The algorithm for insertion is not too difficult: put the new node at the bottom of the tree and then go up the tree, making exchanges with its parent, until the tree is valid. Consider inserting C into the following heap that has been built by inserting A, M, E, R, I, C, A, N:
The smallest value is always the root. To delete it (and one can only delete the smallest value), one replaces it with the bottom-most and right-most element, and then walks down the tree making exchanges with the child in order to insure that the tree is valid. The following pseudo-code formalizes this notion:
- b = bottom-most and right-most element
- p = root of tree
- p’s key = b’s key
- delete b
- while (p is larger than either child)
- exchange p with smaller child
- p = smaller child
- end while
The following sequence of steps illustrates the building of a heap from the characters A, M, E, R, I, C, A, N:
Sample Problem 1
Consider an initially empty stack. What is the value of Z when these operations are performed: PUSH(3); PUSH(6); PUSH(8); POP(Y); POP(X); PUSH(X-Y); PUSH(4); PUSH(7); POP(Y); POP(X); PUSH(X-Y); POP(X); POP(Y); PUSH(X*Y);POP(Y); POP(X); PUSH(X/Y); POP(Z)

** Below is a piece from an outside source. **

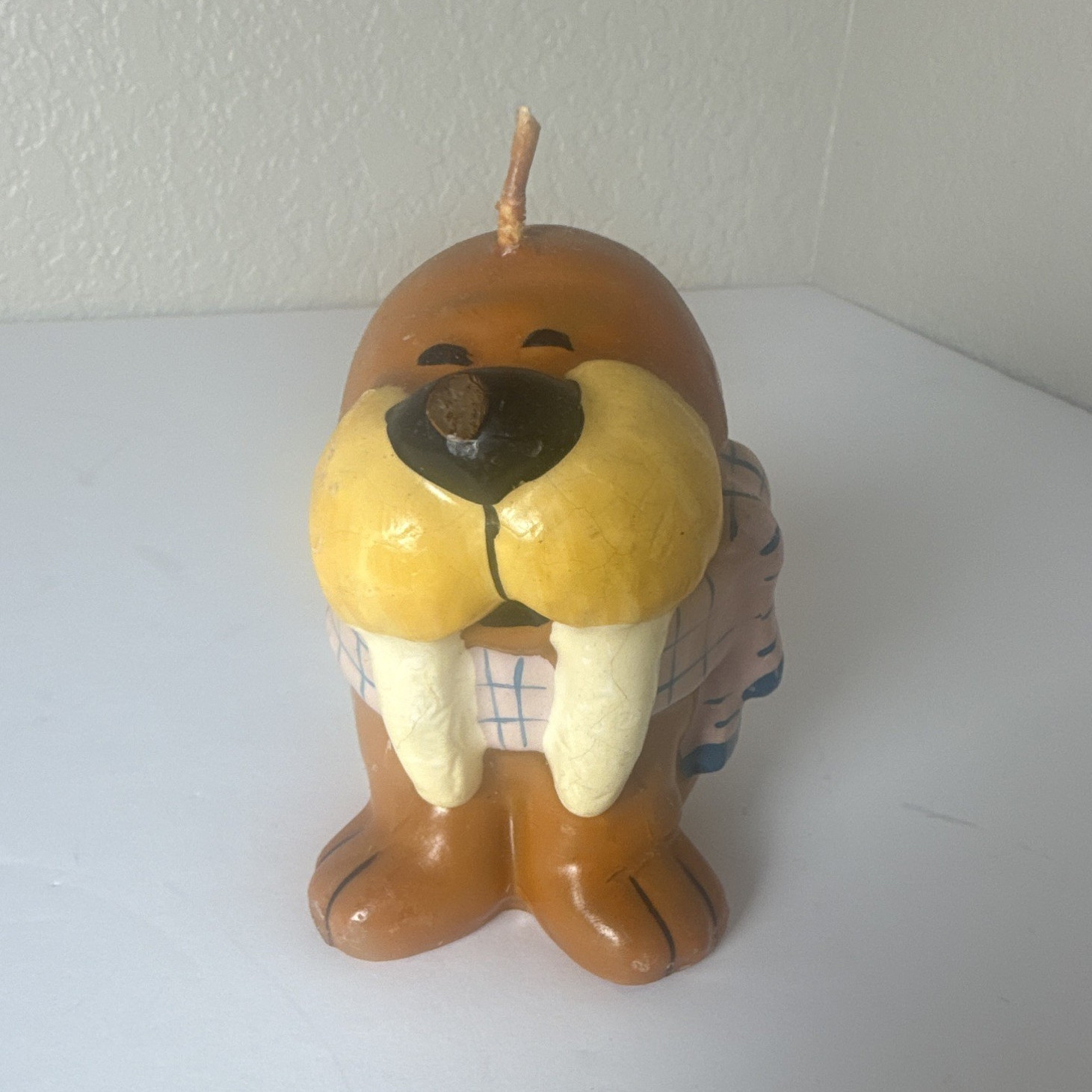 Wicks N Sticks Walrus Animal Figurine Wax Candle 4in Small Unscented Scarf Decor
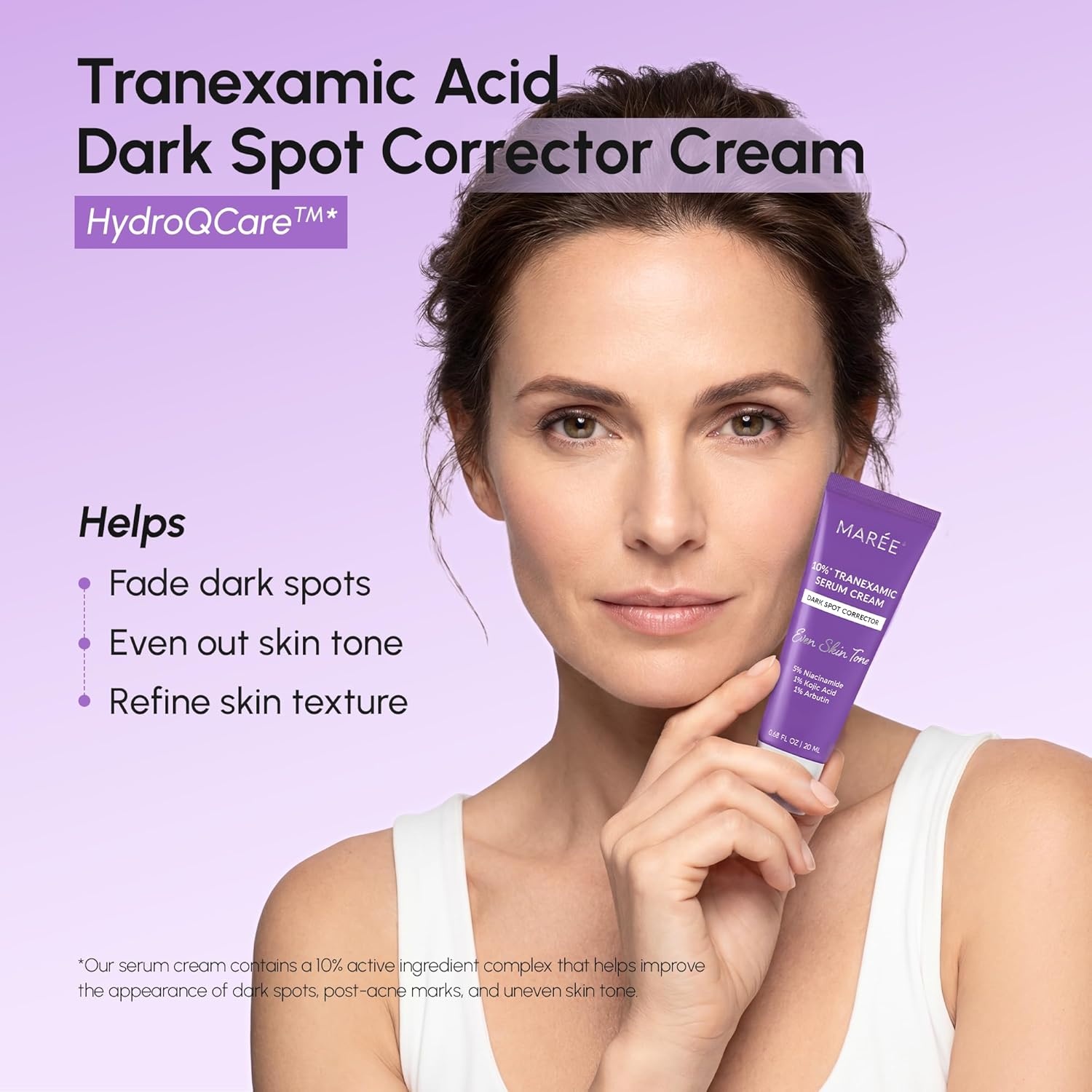 imageMAREE 10 Tranexamic Serum Cream Alpha Arbutin Cream with Tranexamic Acid Niacinamide Dark Spot Corrector with Alfa Arbutin Acido Tranexamico Crema para Manchas Oscuras en la CaraViolet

Solution: The stack will look like the following: 3 6 8 → 3 -2 → 3 -2 4 7 → 3 -2 -3 → 3 6 → 0.5 Therefore, the answer is 0.5 or ½. This sequence illustrates a method for evaluating a postfix expression.
Sample Problem 2
Consider creating a min-heap with the letters in the word PROGRAMMING. What would the bottom-most nodes from left to right be when the entire tree is a heap.
Solution: The final result of the heap has a root A, row 1 is G, G, row 2 is M, I, P, M, and the bottom row is R, O, R, N on the left side of the tree.
Sample Problem 3
If one traversed this general tree in preorder (visit the root, and then each of the subtrees from left to right), in what order would nodes be visited?
Solution: A is the root node. Then do each of its subtrees using recursion so B has 3 subtrees, F has 2 subtrees, and finally C has 1 subtree. Therefore, the answer is: A B D E F H I C G.
Sample Problem 4
Create a binary search tree from the letters in the word PROGRAMMING. What is the internal path length?
Solution: When drawing the tree, P has a depth of 0, O and R have a depth of 1, G and R have a depth of 2, A and M have a depth of 3, M and N have a depth of 4, I has a depth of 5, and G has a depth of 6. Therefore, the internal path length is 31.